The Imago Dei

Genesis 5:1,2 This is the history of Adam’s family. When God created people, he made them like himself. He created them male and female. And on the same day he made them, he blessed them and called them “humans”.

We each have a way of seeing ourselves – what we think we’re worth, how we think we compare with others. We call it our “self-image” – how we see ourselves. If only we could see ourselves the way God sees us because that change of perspective … changes everything!

People used to tell me all the time that I walked like my father. “What does that mean?” I used to ask them. They’d just smile.

And then one day I saw myself on television. It was a fifteen-minute interview and I was completely and utterly shocked at what I saw.
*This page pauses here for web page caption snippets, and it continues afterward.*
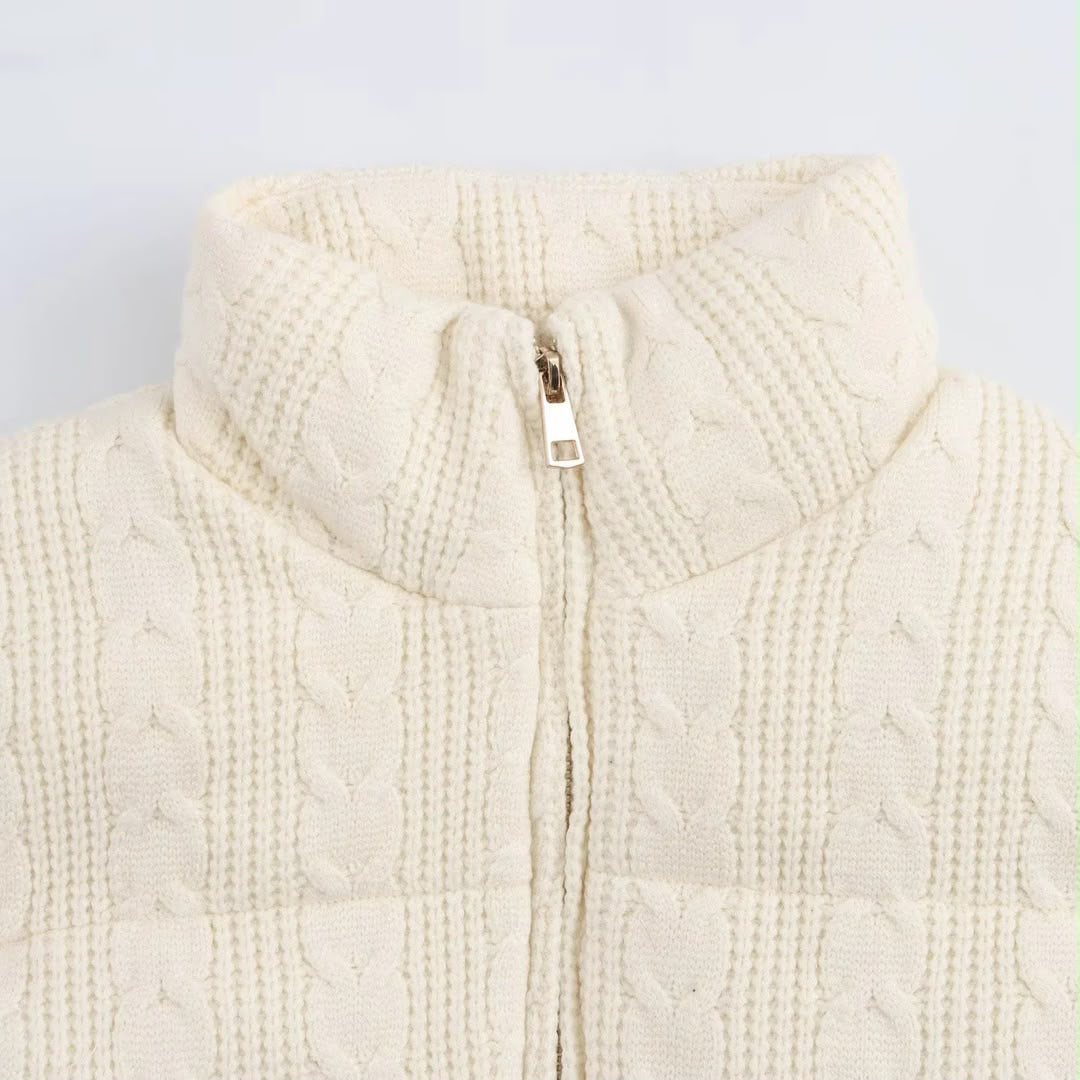 Cable Knit Puffer Vest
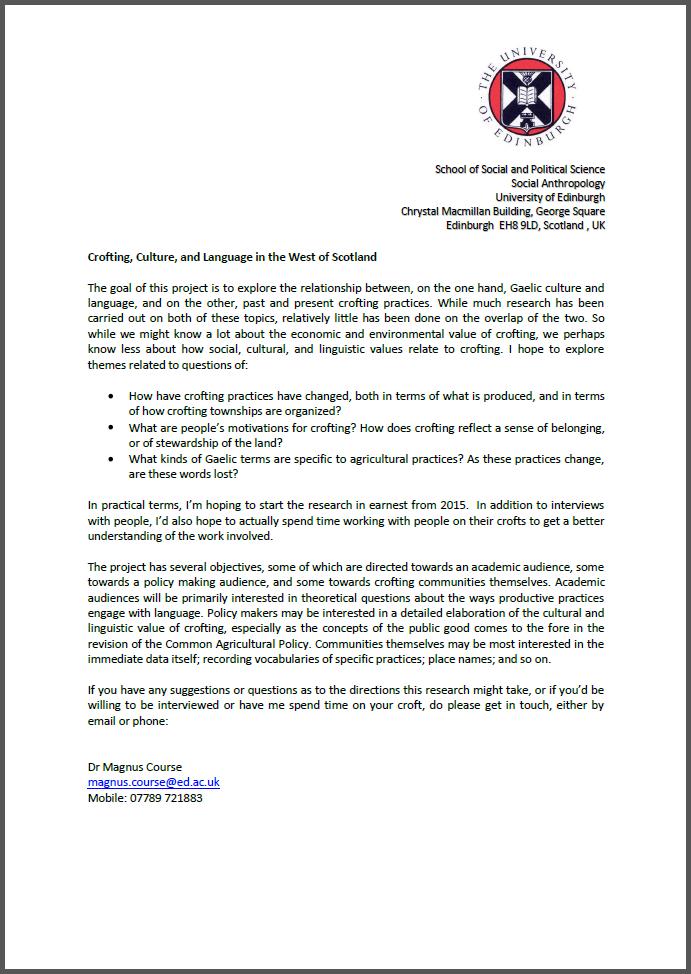 Crofting, Culture, and Language in the West of Scotland. Click for details. Magnusletter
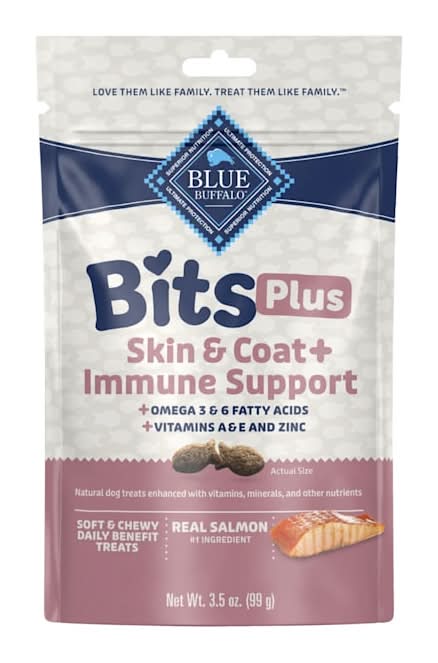 Blue Buffalo Soft & Chewy Salmon Morsels BLUE Bits Plus Skin & Coat and Immune Support Daily Benefit Dog Treats, 3.5 oz.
All my mannerisms, the way I moved and spoke and gestured, the facial expressions even – it was just like looking at my father. I had no idea.
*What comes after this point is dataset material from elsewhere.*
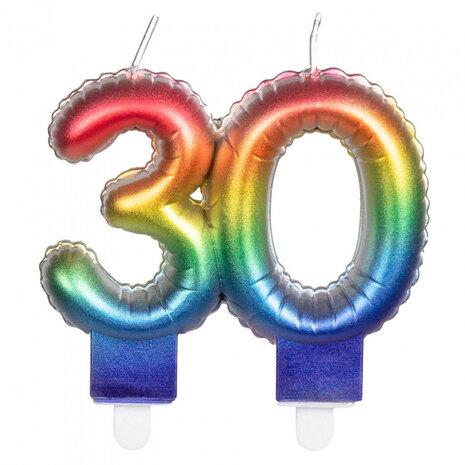 cijferkaars 30 folieballon 14 cm wax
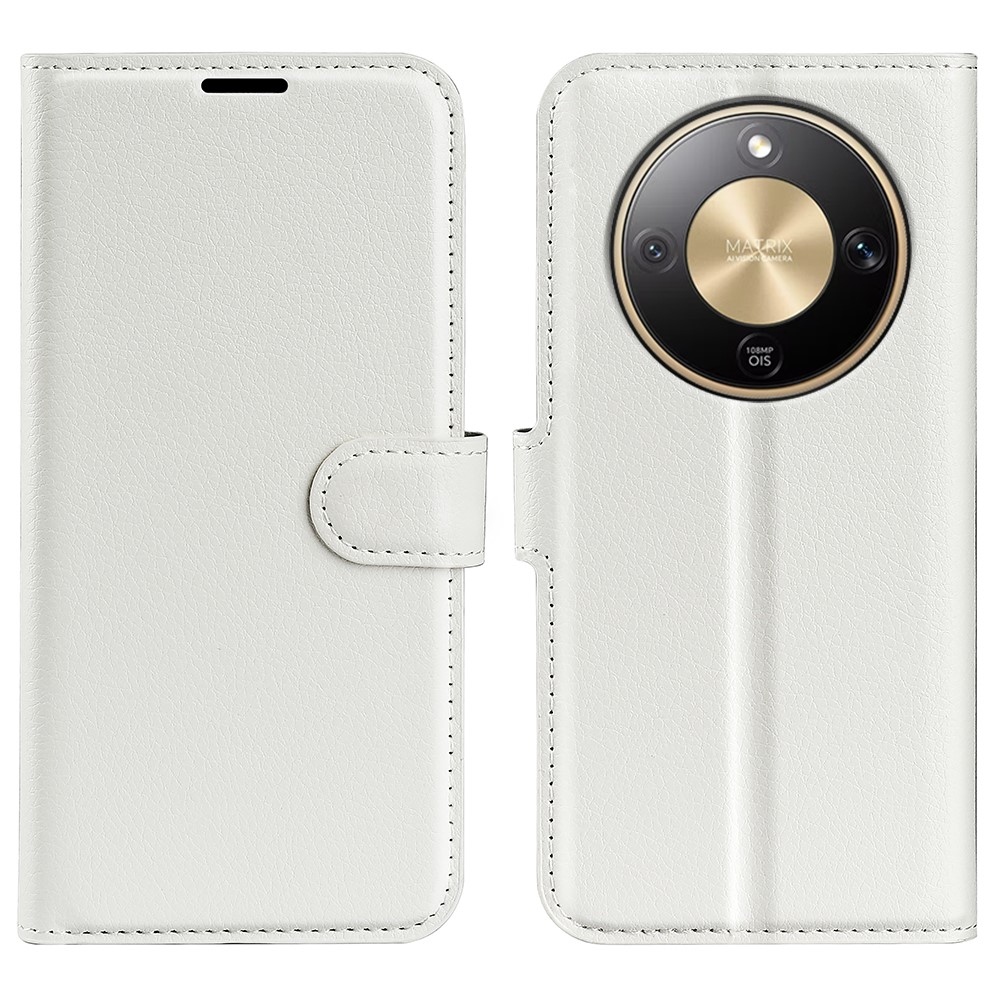 Litchi knižkové puzdro na Honor Magic 8 Lite 5G - biele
Those Christians would have us believe that we’re made in the image of God. Theologians call it the Imago Dei. “What does that mean?”

Genesis 5:1,2 This is the history of Adam’s family. When God created people, he made them like himself. He created them male and female. And on the same day he made them, he blessed them and called them “humans”.
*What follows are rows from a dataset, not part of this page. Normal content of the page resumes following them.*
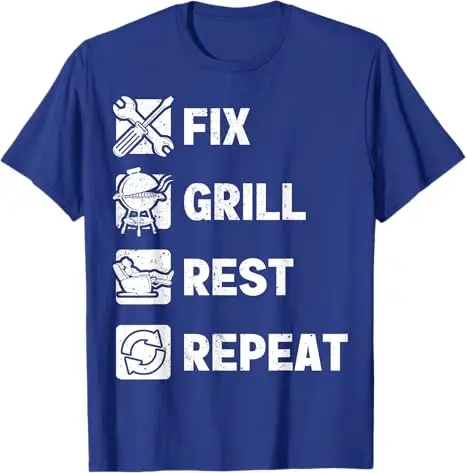 Mens Funny Dad Fix Grill Rest Repeat Mens Gifts Fathers Day Dad T-Shirt Novelty Gift Y2k Life Mechanic BBQ Dad Routine Tee Tops
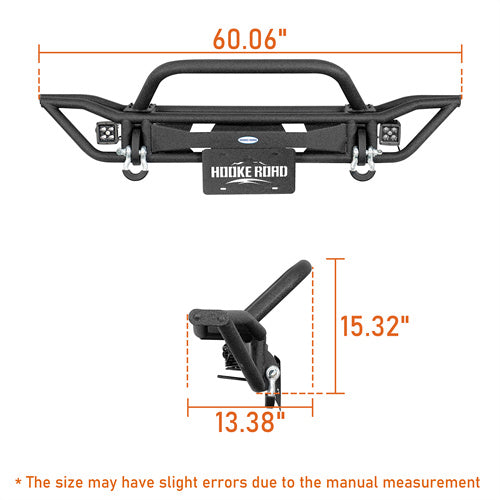 Road Trip Tubular Front Bumper w/ LED Spotlights For 1997-2006 Jeep Wrangler TJ - LandShaker4x4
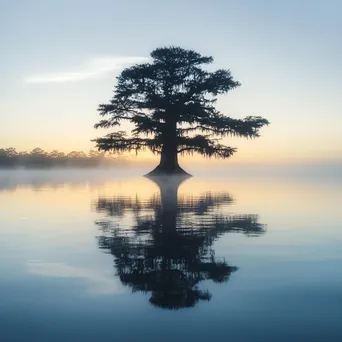 Cypress tree reflection in calm dawn waters - Image 2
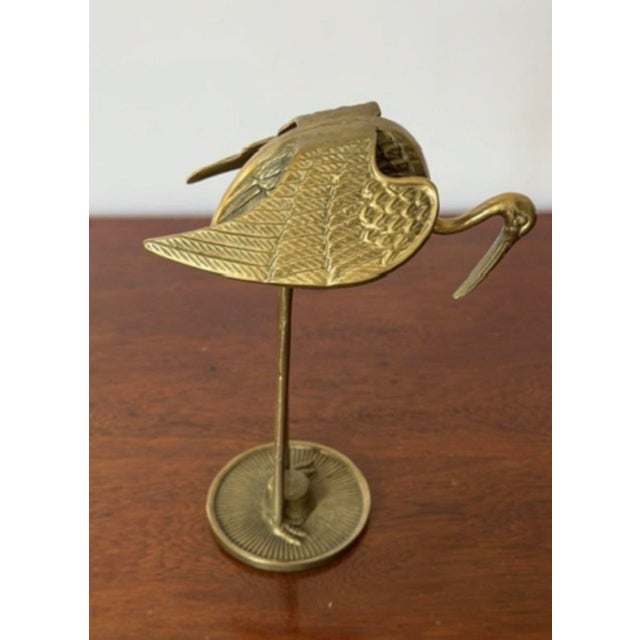 Pair of Vintage Mid-Century Solid Brass Crane Heron Sculptures For Sale - Image 4 of 8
It means that, whether we’re male or female, God made us to be like Himself. And honestly, the more I look at people and I see how brilliant and creative and beautiful and surprising and different and delightful they are, the more I come to the conclusion that, “You know something? I think that these Christians have it absolutely nailed. The Imago Dei is no hoax.”

But for our sin, we are in a small way what God is in the infinite. And my hunch is that if each of us would just look in the mirror and see ourselves the way God sees us, we would whisper in awe, “I had no idea!”

When God created us, he made us like himself.

That’s God’s Word. Fresh … for you … today.